Una investigación elaborada por el Instituto Nacional de Pediatría entre 2008 y 2010 analizó los cambios en el cerebro de los niños en Ciudad de México, una demarcación altamente contaminada. El trabajo logró identificar la neurotoxicidad de la contaminación del aire. Descubrió que los infantes que vivían en la metrópoli presentaban más lesiones en los tractos de materia blanca que conectan las regiones cerebrales, en comparación con sus pares que residían fuera de la capital. También mostraron un rendimiento inferior en tareas cognitivas.
Un artículo publicado en la revista Nature subraya que estos hallazgos generaron alertas sobre los efectos neurológicos de los contaminantes en todo el mundo. La publicación clínica The Lancet reconoció la contaminación como un factor de riesgo para la demencia en 2020. Un año después, la OMS enfatizó en la necesidad de ampliar los estudios sobre el fenómeno en las personas jóvenes y de la tercera edad.
La comunidad científica aún no tiene claridad sobre cuáles son y cómo funcionan los mecanismos subyacentes del problema, lo que dificulta el diseño de políticas eficaces de mitigación.
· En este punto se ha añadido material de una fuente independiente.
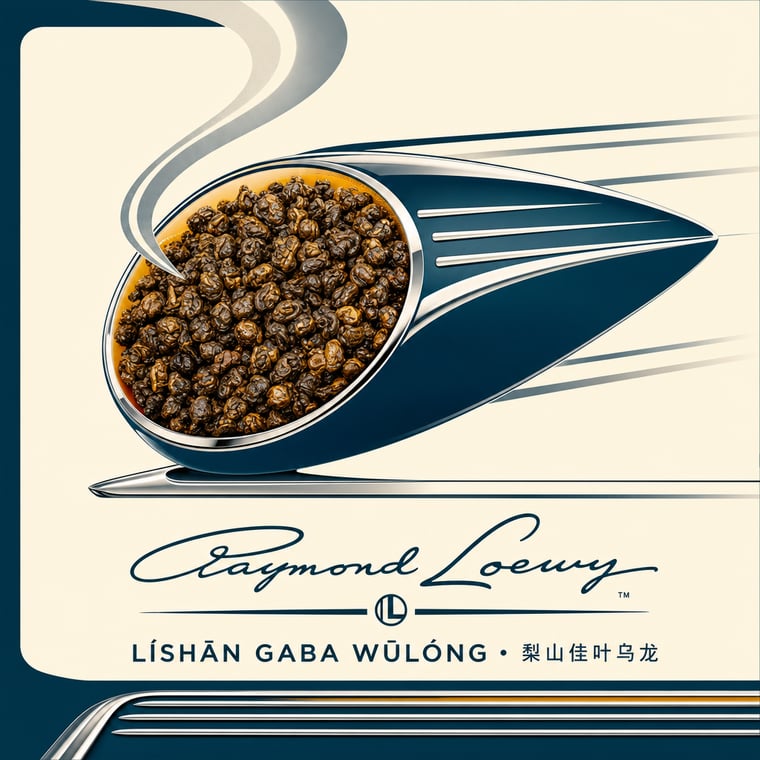 The design — Lishan GABA Oolong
La mayoría de los análisis carecen de controles que aporten mayor certeza a sus resultados.
Qué hay en el aire
Los avances más recientes señalan que los tipos específicos de contaminantes tienen un papel fundamental en los daños cerebrales correlacionados. Los estándares para medir la calidad del aire consideran componentes gaseosos primarios, y partículas de diámetros menores a 10 y 2.5 micrómetros. No obstante, estos pequeños cuerpos transportan diversas sustancias químicas cuya toxicidad varía según su origen. Ian Mudway, toxicólogo ambiental del Imperial College de Londres, recuerda que la contaminación del aire “es una mezcla heterogénea de cientos de miles de compuestos químicos diferentes”.
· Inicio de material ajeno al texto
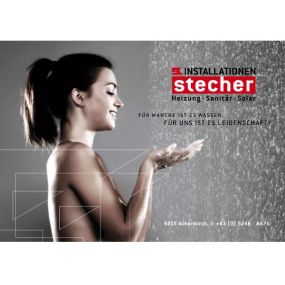 Installationen Stecher Heizung – Sanitäre GmbH - Plakat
Un extenso estudio realizado en el Biobanco del Reino Unido con más de 389 mil participantes reveló en 2023 que la exposición prolongada a partículas en suspensión y óxidos de nitrógeno aumenta significativamente el riesgo de sufrir depresión y ansiedad. Guoxing Li, toxicólogo ambiental de la Universidad de Pekín y autor principal del ensayo, enfatiza que incluso niveles de exposición muy bajos aumentaron la incidencia de estas afecciones.
Deborah Cory-Slechta, profesora de Medicina Ambiental, Neurociencia y Ciencias de la Salud Pública en la Universidad de Rochester, explica que las partículas de menos de 100 nanómetros de diámetro son las más peligrosas para la salud. Pese a ello, alerta que estas moléculas ultrafinas no son analizadas de forma regular.
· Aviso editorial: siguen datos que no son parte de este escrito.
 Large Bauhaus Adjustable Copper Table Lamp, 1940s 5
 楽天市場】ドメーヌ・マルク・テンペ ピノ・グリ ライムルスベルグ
Mudway sostiene que aunque los sistemas de monitoreo se ampliarán, los estudios no pueden identificar con precisión qué sustancia química específica causa los trastornos neurológicos. La presencia de otros factores de riesgo, como las enfermedades cardiovasculares, dificulta aún más la interpretación de estos resultados. Según Mudway, “la única forma de obtener respuestas claras es a través de experimentos controlados”.
En 2012, Cory-Slechta diseñó una prueba de laboratorio para comparar los efectos del aire contaminado y limpio en el cerebro de dos grupos de ratones. Descubrió que los roedores expuestos a partículas ultrafinas mostraron tractos de materia blanca y ventrículos cerebrales agrandados, niveles elevados de impulsividad y déficits de memoria a corto plazo.